Wednesday, March 31, 2010

Australian tax review risks future mining

The transfer of the Petroleum Resources Rent Tax model to the Australian minerals sector can provide advantages to the mining industry, but without adaptation it risks future investment, according to an article by BDO tax director Russell Garvey published in the Australian Journal of Mining.

He said a shift to a Resources Rent Tax (RRT) for the mining sector would be ground breaking, but would require careful implementation so it didn’t price Australia out of the international market.

“The imposition of a cash-flow tax, like the Petroleum RRT, on the minerals sector would be unprecedented almost anywhere in the world,” Garvey said.

“However, the energy and mining industries have very different economic decision models. The operating and capital requirements are very different, as are the risk and return profiles of each industry.

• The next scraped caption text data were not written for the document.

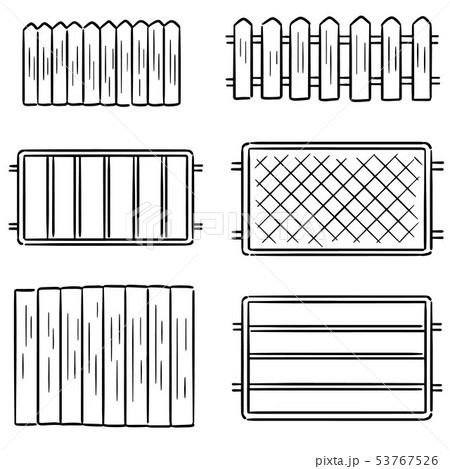 Vector Set Of Fenceのイラスト素材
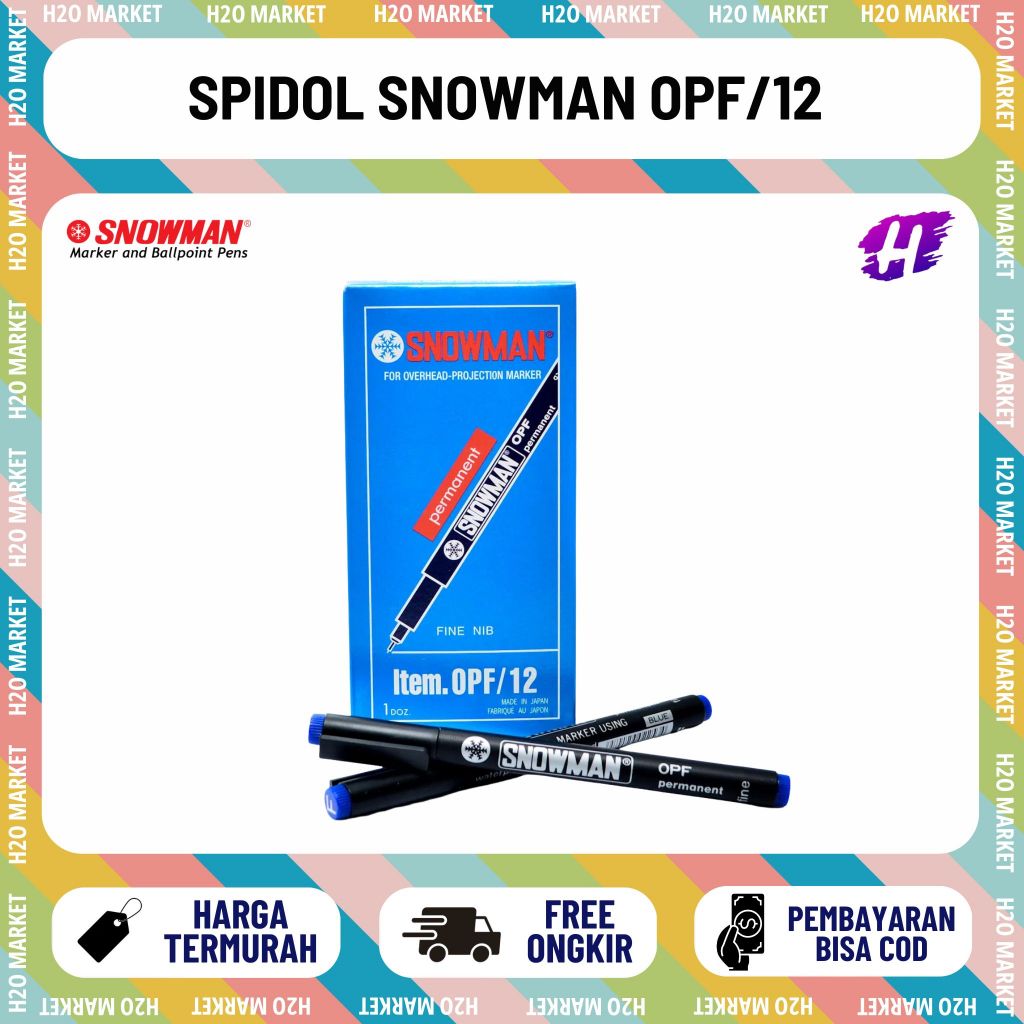 [H2O] 1 ชิ้น OHP MARKER 1F BLACK SNOWMAN / OPF DRAWING PEN MARKER / PERMANENT MARKER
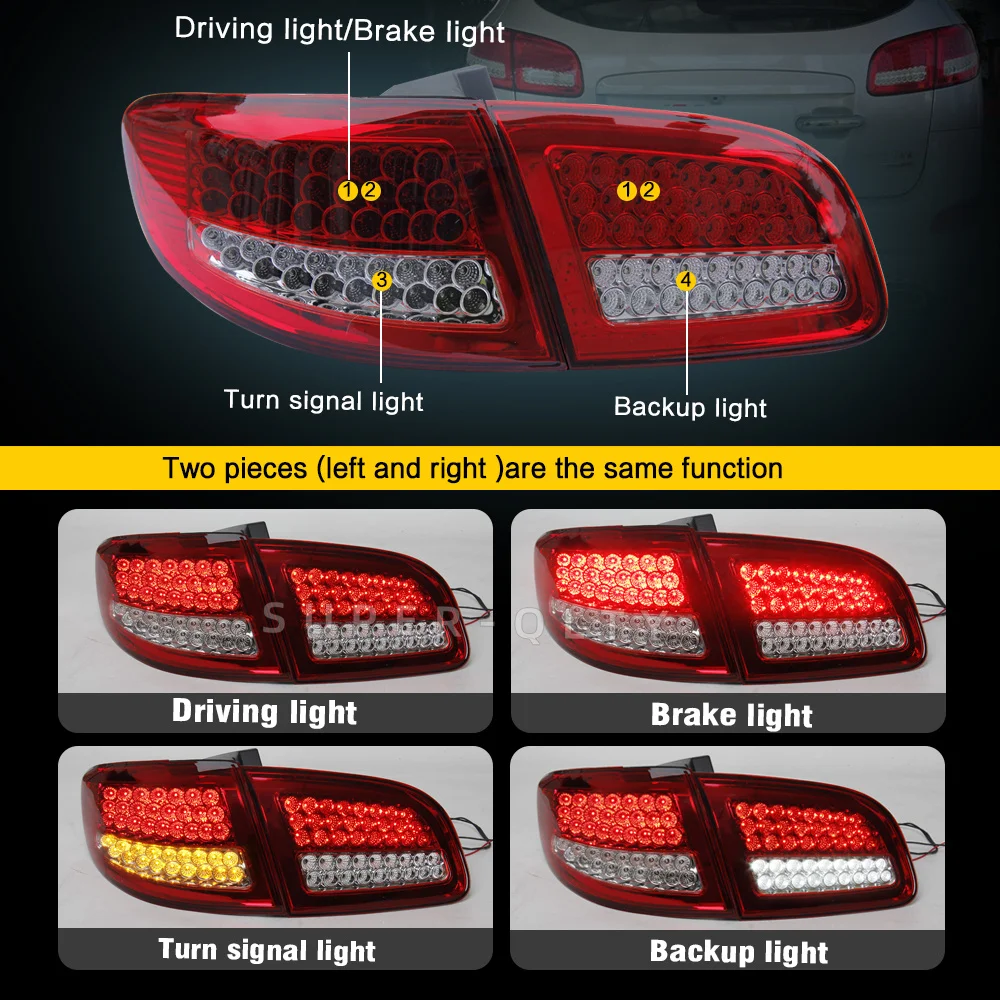 현대 산타페 2006-2013 미등 LED DRL 주행 브레이크 리버스 테일 램프 어셈블리, 현대 뉴 신성다용 2 개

“Any proposal that taxes mining at the same rate as oil and gas would represent a significant tax increase, making Australian mining projects among the most highly taxed in the world, to the detriment of their global competitiveness. The Federal Government must take this into account when deciding on its response to the Henry Taxation Review.”

The imposition of a Federal RRT on the mining sector to replace the existing State-based royalty scheme has been widely reported as one of the recommendations of the Henry Taxation Review, with most reports indicating that it is almost identical to the Petroleum Resources Rent Tax with a 40% tax on profits on a project basis, after all exploration and development costs have been recouped.The Federal Government is considering its response to the Review.

Garvey said the Petroleum RRT contained some attractive features for the mining sector, largely through a variety of transferability rules, the immediate deductibility of eligible costs, carry forward provisions and the taxing unit being assessed on a project basis.

“The Petroleum RRT has the basic design features of an economic tax rather than an accounting tax or simple excise and royalty systems,” he said.

“This has considerable benefits for miners. It would allow also existing mining companies to write off spending on new projects against profits from existing projects, and it also gives royalty relief to new miners as they start-up operations.”

Plus, Garvey said, the current state-based mineral royalty system was not perfect. Royalty rates and calculation methodologies differ across the States, creating inconsistencies, distorting investment decisions and providing unnecessary and unwanted bureaucratic and accounting imposts, he said.

State-based royalty charges are also based on production, not profit, and can be readily changed, as evidenced by the current debate of whether the Western Australian state government should increase royalty rates on some minerals.

“The resources industry needs a stable and predicable royalty charge that encourages ongoing investment into the sector,” Garvey said.

“A well-designed tax should never distort investment decisions. If a project is economically feasible pre-tax, then it should remain so.”

It also remains unclear whether the RRT calculation will be based on the primary resource value or a value-added amount.

“The rate of tax and the resource value to be used in the calculation will be the deal breakers for the mining industry,” he said.

The mining industry wants any changes to apply only to future investments.

“How the Government handles the transition issues that come with a new RRT could materially impact investment decisions across the board,” Garvey said.

“The resources industry is worried that the RRT will make Australian projects the highest taxed in the world. Industry understands the need for tax reform but it won’t accept a tax grab from Government.”

It is likely that when releasing its Henry Review response, the Federal Government will immediately accept some recommendations, rule out others and defer a number for further review. Garvey said he expected the implementation of the RRT would be fast tracked, particularly if the Government wanted to cut the 30% company tax rate.

Every 1% cut from the company tax rate costs A$2.3 billion, therefore reducing the company tax rate from 30% to 25% would cost the Treasury A$11.5 billion a year – which must be funded from alternative taxation.

“It is not a question of if we will have a new Federal RRT, it is just question of when and how,” Garvey said. “The rate at which the RRT is struck at is important to achieving a reasonable balance between the community getting a fair return, versus making sure that Australia retains a viable and profitable mining industry.

“It is essential for government to consider the adverse impacts that any changes will have on producer returns, project certainty, future investment decisions and the perceptions of sovereign risk.”